Come è stato fatto lo studio
- Sono stati coinvolti 1437 pazienti, con un'età media di 73 anni, di cui quasi la metà donne.
- I pazienti sono stati divisi in due gruppi: uno ha ricevuto un programma di supporto a distanza, l'altro no.
- Il gruppo con supporto ha avuto istruzioni prima di lasciare l'ospedale, chiamate telefoniche regolari e monitoraggio da remoto di parametri come battito cardiaco, pressione arteriosa, peso e sintomi.
- Lo studio è durato 180 giorni (circa 6 mesi).
Risultati principali
- Non è stata trovata una differenza significativa tra i due gruppi nel numero di nuovi ricoveri dopo 180 giorni.
- Nel gruppo con supporto a distanza, nei primi 30 giorni dopo la dimissione, si è osservata una riduzione della mortalità (numero di decessi), ma questo beneficio non è stato mantenuto a 6 mesi.
Cosa significa tutto questo
Il supporto telefonico e il monitoraggio a distanza, così come organizzati in questo studio, non hanno ridotto il rischio di tornare in ospedale per insufficienza cardiaca nei sei mesi successivi alla dimissione.
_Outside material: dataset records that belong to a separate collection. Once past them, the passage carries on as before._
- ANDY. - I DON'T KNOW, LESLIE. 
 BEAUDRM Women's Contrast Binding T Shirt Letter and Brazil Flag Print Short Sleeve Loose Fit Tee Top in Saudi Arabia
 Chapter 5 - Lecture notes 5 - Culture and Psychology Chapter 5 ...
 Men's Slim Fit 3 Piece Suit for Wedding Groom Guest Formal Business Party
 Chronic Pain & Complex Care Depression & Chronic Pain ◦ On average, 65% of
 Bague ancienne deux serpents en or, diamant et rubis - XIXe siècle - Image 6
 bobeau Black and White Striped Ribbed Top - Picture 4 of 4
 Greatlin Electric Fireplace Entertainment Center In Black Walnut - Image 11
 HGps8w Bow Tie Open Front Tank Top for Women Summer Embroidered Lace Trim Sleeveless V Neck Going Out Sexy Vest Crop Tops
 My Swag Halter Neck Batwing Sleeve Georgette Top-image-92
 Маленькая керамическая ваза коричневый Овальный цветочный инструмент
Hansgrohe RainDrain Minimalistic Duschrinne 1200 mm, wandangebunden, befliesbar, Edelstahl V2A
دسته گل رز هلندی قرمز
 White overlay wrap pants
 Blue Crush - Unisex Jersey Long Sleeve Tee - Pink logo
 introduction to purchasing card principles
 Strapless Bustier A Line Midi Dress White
Tuttavia, il possibile beneficio sulla mortalità nei primi 30 giorni suggerisce che interventi precoci potrebbero avere un ruolo, anche se serve ulteriore ricerca per confermarlo.
In conclusione
Questo studio mostra che, in pazienti con insufficienza cardiaca recentemente dimessi dall'ospedale, un programma di coaching telefonico e telemonitoraggio non ha ridotto le riospedalizzazioni a 6 mesi. Sebbene ci sia stata una riduzione della mortalità precoce, questo effetto non è durato nel tempo. Questi risultati aiutano a capire meglio come organizzare l'assistenza per chi soffre di questa condizione.